While the president deserves credit for ordering the raid, the idea that he would be transformed into the star of a film about a hunt that began before his presidency is a politically-motivated insult to the intelligence professionals and Navy SEALs who pulled off the operation. The head of National Geographic Channel has tried to alibi his way out of responsibility for this travesty, but in doing so he only proved that his insistence that the film wasn’t “propaganda” was untrue:
Howard T. Owens, the chief executive of the National Geographic Channel, who joined the call, said his company had insisted on removing a scene that showed Mitt Romney appearing to oppose the raid.

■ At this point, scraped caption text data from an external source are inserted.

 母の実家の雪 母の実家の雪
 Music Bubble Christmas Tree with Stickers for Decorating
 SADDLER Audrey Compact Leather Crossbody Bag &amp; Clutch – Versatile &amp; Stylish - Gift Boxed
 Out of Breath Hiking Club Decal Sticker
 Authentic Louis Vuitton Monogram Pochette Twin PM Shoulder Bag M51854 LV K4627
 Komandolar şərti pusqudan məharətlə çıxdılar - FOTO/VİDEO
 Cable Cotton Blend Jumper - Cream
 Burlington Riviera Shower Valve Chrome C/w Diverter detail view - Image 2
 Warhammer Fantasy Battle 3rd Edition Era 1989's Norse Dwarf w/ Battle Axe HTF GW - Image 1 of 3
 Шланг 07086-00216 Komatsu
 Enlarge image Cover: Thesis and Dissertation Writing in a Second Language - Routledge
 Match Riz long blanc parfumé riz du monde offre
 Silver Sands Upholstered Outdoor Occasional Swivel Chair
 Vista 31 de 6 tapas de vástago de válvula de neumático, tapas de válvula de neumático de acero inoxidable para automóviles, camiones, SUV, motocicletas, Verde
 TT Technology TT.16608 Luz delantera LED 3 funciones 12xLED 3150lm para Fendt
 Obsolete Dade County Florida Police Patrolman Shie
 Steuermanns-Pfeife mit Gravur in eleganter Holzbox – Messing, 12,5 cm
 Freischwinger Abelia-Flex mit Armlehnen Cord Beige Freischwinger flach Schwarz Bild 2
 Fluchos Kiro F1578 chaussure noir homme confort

That National Geographic would have to do that shows just how skewed the film must be. Just like putting the president at the center of the film, mentioning Romney at all illustrates the film’s political intent. Owens’ claim in the film’s promotional material that the president made a “terrible political decision” in ordering the action is as absurd as Obama’s own statement in the last presidential debate that seemed to indicate that he thought doing so might have been unpopular. In fact, nothing could have been more popular or more likely to have the support of the entire American people. The idea that the president showed “courage” in going ahead and doing something for which he receive unanimous applause is nothing more than politically inspired hogwash.
Ironically, the White House has been on the hot seat for aiding a different bin Laden film. The movie on the subject being produced by the same people who came up with “The Hurt Locker” — Kathryn Bigelow and Mark Boal — was allegedly given access to classified information by the administration in what was another attempt to bolster the president’s reputation. But the Weinstein film, though a cable TV release rather than one that will be shown in theaters, will have the advantage of being the first one to gain a national audience.
Nothing that airs on National Geographic will change the outcome of the election. Yet the willingness of the entertainment industry to bolster the Obama campaign in this manner does make their bias crystal clear. The notion that the president did something heroic in authorizing the mission is nothing more than a political myth that no amount of Hollywood puffery will make true. But it is unfortunate that the desire to make Obama the star will inevitably mean less credit is given to the SEALs who put their lives on the line.